Christ is in our midst!  He is and ever shall be!

In the Name of the Father, and of the + Son, and of the Holy Spirit.  Amen.

Today the Church continues her bombardment of the beachhead in an effort to soften up the resistance prior to the launch of the invasion of the Great and Holy Fast of Lent.  D-Day is fast approaching and we hear once more this most familiar parable of the Pharisee and the Publican.  Our Lord uses an image quite familiar to both His listeners and to us.  It is the image of two souls going to church, doing what we have done countless times during our brief lifespan. 
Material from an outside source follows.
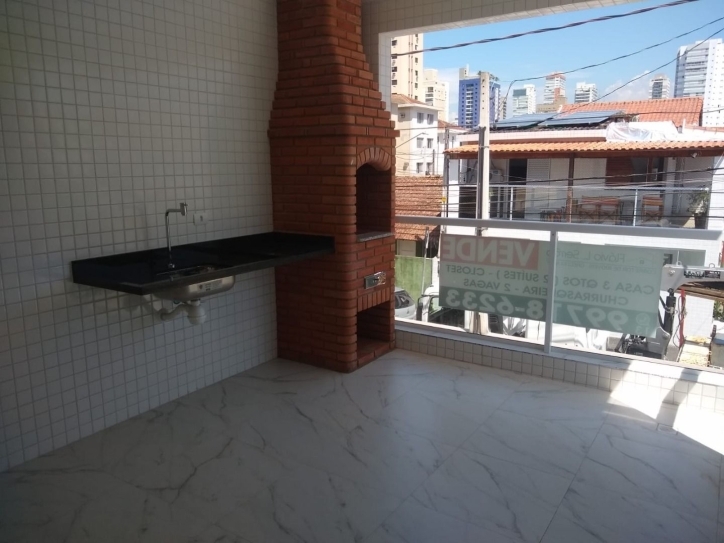 Casa à venda com 3 quartos, 115m² - Foto 11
“’Two men went up into the Temple to pray,’” that is to say, they went up into the House of God to pray and to worship.  The Temple in Jerusalem was the locus of God’s holy, abiding Presence.  There in that sole place in all of Israel God dwelt in the Holy of Holies on the Mercy Seat of the Ark of the Covenant, flanked by two Cherubim, and enveloped with clouds of incense.  There His priests went about their holy work offering up the daily sacrifices in the morning and in the evening on behalf of the people who came to confess their sins and make atonement or to offer up a sacrifice of praise and thanksgiving, or to offer up for any number of other reasons other sacrifices.  This is precisely what we found the Holy Family doing on the feast of the Meeting of Our Lord, not long ago.  Countless throngs of pilgrims would make their pilgrimage to the Temple’s holy precincts three times a year as prescribed in the Law.  The worship of the true and living God initiated in Paradise in Eden, revealed further to the Patriarchs, and enshrined in Israel’s Tabernacle and Temple, was an ongoing affair.  Prayer was offered up morning, noon, and night rising to the heights of Heaven as incense (Ps. 140 [141]:2).  The Church’s own prayer cycle is based on that of the Temple, a continuation of it and an expansion upon it.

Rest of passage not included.